Question

Let the p.m.f. ( probability mass function ) of random variable x be P\left( x \right)=\left\\{ \begin{matrix} \left( \dfrac{4}{x} \right){{\left( \dfrac{5}{9} \right)}^{x}}{{\left( \dfrac{4}{9} \right)}^{4-x}},\begin{matrix} {} & x=0,1,2,3,4 \\\ \end{matrix} \\\ 0\text{ }\begin{matrix} {} & {} & , & \text{Otherwise} \\\ \end{matrix} \\\ \end{matrix} \right. .
Find $E\left( x \right)$ and $\text{Var}\left( x \right)$ .

Answer 1

The given p.m.f will be of the form $P\left( x \right){{=}^{n}}{{C}_{x}}{{p}^{x}}{{q}^{\left( n-x \right)}}$ which is the formula for binomial distribution of random variable x, where n is the number of experiments, $x=0,1,2,3,...$ , p is the probability of success in a single experiment and q is the probability of failure in a single experiment, $q=1-p$ . We have to compare the given p.m.f with this formula and find the value of n, p and q. $E\left( x \right)$ can be found using the formula of mean of binomial distribution which is $E\left( x \right)=np$ and variance can be obtained from the formula $\text{Var}\left( x \right)=npq$ .

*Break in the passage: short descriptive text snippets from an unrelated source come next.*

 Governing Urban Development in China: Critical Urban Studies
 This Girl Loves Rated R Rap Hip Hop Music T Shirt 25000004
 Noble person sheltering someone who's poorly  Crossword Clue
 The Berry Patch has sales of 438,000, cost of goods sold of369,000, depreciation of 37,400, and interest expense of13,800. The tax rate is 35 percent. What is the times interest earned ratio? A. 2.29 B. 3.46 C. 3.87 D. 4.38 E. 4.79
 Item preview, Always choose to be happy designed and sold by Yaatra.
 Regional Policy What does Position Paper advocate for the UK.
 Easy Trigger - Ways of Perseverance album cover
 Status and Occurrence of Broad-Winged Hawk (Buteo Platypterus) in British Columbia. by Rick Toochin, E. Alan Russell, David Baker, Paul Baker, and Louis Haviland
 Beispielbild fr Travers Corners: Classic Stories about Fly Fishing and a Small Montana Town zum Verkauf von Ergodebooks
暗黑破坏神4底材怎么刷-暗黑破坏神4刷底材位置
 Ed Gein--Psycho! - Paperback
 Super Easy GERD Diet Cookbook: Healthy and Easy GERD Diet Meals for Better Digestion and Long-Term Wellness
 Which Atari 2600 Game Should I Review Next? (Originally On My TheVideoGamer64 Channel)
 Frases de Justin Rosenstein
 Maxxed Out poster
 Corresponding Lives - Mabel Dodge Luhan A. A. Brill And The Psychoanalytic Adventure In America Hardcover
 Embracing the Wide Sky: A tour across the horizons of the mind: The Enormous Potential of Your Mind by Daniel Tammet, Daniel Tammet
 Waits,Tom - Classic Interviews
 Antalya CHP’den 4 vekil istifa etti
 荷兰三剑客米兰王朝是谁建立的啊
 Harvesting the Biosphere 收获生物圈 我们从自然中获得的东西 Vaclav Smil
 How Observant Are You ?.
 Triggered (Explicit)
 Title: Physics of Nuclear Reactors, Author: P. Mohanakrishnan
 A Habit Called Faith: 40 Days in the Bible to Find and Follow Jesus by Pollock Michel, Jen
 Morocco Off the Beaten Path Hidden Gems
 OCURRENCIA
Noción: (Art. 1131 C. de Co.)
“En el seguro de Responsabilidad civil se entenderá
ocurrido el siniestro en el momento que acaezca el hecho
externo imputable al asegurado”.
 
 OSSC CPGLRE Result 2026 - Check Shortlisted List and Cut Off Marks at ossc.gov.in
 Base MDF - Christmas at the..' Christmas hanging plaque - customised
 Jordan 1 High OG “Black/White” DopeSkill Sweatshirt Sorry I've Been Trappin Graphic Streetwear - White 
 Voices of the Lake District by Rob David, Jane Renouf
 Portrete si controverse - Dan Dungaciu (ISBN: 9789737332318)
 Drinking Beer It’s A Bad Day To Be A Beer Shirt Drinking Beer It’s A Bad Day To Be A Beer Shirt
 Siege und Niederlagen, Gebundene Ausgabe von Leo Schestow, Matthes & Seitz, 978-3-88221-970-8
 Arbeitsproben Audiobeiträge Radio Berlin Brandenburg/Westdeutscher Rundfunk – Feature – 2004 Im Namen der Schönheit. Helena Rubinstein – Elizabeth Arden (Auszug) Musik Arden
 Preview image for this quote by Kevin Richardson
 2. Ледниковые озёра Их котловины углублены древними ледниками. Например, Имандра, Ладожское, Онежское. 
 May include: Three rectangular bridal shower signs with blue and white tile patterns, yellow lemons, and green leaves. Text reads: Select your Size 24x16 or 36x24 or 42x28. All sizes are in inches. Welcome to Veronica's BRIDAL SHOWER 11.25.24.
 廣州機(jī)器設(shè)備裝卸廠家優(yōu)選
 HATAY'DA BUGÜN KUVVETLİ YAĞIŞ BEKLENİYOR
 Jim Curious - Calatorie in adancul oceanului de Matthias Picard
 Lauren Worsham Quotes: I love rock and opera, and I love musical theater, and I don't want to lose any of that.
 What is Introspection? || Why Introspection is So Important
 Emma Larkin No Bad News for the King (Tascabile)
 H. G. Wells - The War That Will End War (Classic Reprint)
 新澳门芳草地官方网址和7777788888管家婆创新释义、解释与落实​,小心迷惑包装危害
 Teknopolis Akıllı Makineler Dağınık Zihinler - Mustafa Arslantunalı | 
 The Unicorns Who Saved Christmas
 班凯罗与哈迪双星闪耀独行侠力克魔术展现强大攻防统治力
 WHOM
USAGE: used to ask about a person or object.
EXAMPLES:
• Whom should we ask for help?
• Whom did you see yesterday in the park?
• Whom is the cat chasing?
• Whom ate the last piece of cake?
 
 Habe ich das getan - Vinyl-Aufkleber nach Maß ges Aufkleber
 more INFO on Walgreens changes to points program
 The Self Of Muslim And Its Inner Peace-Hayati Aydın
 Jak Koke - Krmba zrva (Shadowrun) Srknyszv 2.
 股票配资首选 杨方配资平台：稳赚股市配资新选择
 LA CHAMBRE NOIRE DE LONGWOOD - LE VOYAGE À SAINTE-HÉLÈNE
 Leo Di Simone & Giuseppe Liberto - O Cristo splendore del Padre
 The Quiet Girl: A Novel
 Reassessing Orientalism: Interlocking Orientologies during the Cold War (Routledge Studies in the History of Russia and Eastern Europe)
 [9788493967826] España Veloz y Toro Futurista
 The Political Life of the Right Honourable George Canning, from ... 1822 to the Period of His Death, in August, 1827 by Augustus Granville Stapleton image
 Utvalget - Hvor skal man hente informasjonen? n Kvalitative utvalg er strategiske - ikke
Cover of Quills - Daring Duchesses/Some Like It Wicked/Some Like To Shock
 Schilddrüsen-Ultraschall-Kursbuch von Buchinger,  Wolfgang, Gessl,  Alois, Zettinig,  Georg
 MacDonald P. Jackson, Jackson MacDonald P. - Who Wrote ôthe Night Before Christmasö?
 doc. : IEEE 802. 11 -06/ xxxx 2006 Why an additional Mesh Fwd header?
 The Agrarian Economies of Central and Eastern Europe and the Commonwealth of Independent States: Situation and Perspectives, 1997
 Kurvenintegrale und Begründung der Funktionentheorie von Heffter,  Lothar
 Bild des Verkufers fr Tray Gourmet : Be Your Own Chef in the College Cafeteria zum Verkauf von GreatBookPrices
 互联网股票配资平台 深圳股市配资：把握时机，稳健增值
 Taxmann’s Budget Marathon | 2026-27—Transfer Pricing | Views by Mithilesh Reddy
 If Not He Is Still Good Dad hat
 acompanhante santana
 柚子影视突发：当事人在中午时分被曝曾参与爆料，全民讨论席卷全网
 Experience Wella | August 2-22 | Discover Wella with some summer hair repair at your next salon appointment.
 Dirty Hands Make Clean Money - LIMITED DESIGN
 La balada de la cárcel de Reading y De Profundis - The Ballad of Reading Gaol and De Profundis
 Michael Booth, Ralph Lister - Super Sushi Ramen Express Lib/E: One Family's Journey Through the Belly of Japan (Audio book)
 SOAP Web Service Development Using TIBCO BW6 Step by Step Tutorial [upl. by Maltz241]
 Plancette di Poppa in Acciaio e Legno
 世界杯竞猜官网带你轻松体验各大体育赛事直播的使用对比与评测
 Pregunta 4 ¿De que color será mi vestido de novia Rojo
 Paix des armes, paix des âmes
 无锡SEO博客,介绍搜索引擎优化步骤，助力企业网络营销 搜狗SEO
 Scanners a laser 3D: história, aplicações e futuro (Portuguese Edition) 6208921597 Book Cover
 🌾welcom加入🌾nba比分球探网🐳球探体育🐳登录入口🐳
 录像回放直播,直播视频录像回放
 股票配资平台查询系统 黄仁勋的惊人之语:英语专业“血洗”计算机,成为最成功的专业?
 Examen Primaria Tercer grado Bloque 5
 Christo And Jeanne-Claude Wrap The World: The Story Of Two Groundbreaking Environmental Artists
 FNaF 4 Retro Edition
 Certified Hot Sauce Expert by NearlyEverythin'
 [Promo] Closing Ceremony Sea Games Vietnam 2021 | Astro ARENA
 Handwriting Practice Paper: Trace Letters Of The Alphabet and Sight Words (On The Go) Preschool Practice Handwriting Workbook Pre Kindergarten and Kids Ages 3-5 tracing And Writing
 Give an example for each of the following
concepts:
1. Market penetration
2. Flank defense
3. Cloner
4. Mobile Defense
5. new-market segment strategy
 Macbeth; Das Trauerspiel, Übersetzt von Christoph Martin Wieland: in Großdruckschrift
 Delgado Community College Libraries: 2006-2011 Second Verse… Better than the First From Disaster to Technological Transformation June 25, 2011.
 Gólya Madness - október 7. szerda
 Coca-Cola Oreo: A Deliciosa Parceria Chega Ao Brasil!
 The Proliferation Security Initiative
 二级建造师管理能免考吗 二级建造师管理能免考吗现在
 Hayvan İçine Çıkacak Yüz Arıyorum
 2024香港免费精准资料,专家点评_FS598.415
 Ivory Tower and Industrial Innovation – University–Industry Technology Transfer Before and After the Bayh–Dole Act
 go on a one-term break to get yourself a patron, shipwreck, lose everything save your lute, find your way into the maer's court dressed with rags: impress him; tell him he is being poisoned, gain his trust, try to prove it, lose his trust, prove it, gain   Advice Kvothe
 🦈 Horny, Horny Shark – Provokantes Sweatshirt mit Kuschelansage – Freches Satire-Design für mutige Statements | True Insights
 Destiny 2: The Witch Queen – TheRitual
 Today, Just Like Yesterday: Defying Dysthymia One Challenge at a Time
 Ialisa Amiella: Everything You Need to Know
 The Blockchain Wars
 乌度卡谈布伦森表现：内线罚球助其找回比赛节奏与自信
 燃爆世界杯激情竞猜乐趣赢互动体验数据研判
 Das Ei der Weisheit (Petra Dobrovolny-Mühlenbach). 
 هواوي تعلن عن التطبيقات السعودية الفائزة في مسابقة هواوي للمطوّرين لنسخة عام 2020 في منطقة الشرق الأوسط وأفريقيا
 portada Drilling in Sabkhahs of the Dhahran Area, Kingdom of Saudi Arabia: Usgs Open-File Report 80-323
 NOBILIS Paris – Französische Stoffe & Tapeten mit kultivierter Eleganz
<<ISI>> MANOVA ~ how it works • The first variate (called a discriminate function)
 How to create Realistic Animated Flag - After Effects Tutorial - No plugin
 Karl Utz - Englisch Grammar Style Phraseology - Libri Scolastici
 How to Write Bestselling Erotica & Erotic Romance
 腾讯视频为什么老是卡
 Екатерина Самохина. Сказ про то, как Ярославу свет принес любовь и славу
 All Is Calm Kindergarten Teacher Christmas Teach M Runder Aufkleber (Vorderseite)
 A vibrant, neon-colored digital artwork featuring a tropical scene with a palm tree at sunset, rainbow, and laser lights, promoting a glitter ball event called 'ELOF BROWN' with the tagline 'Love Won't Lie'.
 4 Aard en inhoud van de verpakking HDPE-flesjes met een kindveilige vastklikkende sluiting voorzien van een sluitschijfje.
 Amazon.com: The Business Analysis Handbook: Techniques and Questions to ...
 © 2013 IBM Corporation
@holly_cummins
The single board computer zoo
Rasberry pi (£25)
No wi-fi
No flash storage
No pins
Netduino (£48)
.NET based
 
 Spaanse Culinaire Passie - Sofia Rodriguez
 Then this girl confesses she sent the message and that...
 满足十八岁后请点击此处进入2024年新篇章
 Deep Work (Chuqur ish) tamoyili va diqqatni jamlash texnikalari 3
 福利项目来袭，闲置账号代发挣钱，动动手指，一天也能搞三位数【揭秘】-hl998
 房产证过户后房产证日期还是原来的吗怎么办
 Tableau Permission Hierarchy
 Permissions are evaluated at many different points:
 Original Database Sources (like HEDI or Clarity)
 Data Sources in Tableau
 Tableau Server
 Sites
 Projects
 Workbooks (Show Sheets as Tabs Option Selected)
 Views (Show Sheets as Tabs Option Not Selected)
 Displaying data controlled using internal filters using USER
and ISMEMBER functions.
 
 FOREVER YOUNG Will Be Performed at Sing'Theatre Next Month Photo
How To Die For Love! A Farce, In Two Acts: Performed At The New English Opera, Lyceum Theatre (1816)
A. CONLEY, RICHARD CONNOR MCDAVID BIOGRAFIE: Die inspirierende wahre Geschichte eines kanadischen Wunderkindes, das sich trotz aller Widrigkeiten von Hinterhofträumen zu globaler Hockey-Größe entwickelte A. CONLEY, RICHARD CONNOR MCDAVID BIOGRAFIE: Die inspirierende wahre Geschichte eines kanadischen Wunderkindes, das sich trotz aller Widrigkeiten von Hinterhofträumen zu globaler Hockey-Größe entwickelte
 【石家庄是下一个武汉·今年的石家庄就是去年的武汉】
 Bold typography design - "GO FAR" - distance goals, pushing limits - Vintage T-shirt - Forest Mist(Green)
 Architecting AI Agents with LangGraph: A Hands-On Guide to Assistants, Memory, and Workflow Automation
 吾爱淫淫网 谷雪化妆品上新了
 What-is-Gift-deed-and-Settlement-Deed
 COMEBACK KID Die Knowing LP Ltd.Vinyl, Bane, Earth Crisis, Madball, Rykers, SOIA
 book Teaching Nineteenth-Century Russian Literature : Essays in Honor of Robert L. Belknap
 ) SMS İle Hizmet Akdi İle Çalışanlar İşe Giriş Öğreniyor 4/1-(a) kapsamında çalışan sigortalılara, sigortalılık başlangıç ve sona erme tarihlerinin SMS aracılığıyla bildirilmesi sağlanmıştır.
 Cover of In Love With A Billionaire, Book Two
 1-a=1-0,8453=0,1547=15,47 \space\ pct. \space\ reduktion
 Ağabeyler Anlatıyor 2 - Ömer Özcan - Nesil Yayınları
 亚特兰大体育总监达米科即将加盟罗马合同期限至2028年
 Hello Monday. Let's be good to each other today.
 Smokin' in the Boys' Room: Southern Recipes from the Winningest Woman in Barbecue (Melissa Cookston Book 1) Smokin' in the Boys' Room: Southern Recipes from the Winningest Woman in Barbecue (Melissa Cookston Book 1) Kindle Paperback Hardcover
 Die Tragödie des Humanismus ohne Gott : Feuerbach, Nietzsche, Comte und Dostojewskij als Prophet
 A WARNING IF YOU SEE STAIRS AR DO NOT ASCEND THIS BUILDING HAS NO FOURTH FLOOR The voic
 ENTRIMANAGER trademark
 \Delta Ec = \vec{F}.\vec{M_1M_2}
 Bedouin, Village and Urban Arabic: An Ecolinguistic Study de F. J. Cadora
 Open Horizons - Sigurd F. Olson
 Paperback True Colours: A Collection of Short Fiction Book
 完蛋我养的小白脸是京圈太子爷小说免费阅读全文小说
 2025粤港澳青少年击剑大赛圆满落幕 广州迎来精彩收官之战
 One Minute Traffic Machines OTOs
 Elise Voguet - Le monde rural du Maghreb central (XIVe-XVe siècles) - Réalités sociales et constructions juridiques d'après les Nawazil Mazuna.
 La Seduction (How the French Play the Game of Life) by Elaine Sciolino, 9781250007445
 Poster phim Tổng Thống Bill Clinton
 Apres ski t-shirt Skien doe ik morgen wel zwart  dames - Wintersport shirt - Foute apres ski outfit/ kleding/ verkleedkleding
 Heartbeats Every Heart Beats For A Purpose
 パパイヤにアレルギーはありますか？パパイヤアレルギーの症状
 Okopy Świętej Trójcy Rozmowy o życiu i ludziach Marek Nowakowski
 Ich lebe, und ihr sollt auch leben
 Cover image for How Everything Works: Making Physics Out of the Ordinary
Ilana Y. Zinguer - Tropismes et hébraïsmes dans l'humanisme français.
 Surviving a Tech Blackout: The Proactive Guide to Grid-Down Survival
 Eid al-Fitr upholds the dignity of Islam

Complete step by step answer:
We are given with probability mass function of random variable x as P\left( x \right)=\left\\{ \begin{matrix} \left( \dfrac{4}{x} \right){{\left( \dfrac{5}{9} \right)}^{x}}{{\left( \dfrac{4}{9} \right)}^{4-x}},\begin{matrix} {} & x=0,1,2,3,4 \\\ \end{matrix} \\\ 0\text{ }\begin{matrix} {} & {} & , & \text{Otherwise} \\\ \end{matrix} \\\ \end{matrix} \right.
We can see that the p.m.f. is of the form $P\left( x \right){{=}^{n}}{{C}_{x}}{{p}^{x}}{{q}^{\left( n-x \right)}}$ which is the formula for binomial distribution of random variable x. In this formula, n is the number of experiments, $x=0,1,2,3,...$ , p is the probability of success in a single experiment and q is the probability of failure in a single experiment, $q=1-p$ . Therefore, we can compare the given p.m.f with the standard formula. We will get $n=4,p=\dfrac{5}{9},q=\dfrac{4}{9}$.
For a binomial distribution, we know that mean is given by the formula
$E\left( x \right)=np$
Let us substitute the values in the above formula.
$\begin{aligned} & \Rightarrow E\left( x \right)=4\times \dfrac{5}{9} \\\ & \Rightarrow E\left( x \right)=\dfrac{20}{9} \\\ & \Rightarrow E\left( x \right)=2.22 \\\ \end{aligned}$
Now, let us find the variance of x. We know that for a binomial distribution, variance is given by
$\text{Var}\left( x \right)=npq$
Let us substitute the values in the above formula.
$\begin{aligned} & \Rightarrow \text{Var}\left( x \right)=4\times \dfrac{5}{9}\times \dfrac{4}{9} \\\ & \Rightarrow \text{Var}\left( x \right)=\dfrac{80}{81} \\\ & \Rightarrow \text{Var}\left( x \right)=0.9876 \\\ \end{aligned}$
Hence, $E\left( x \right)=2.22$ and $\text{Var}\left( x \right)=0.9876$ .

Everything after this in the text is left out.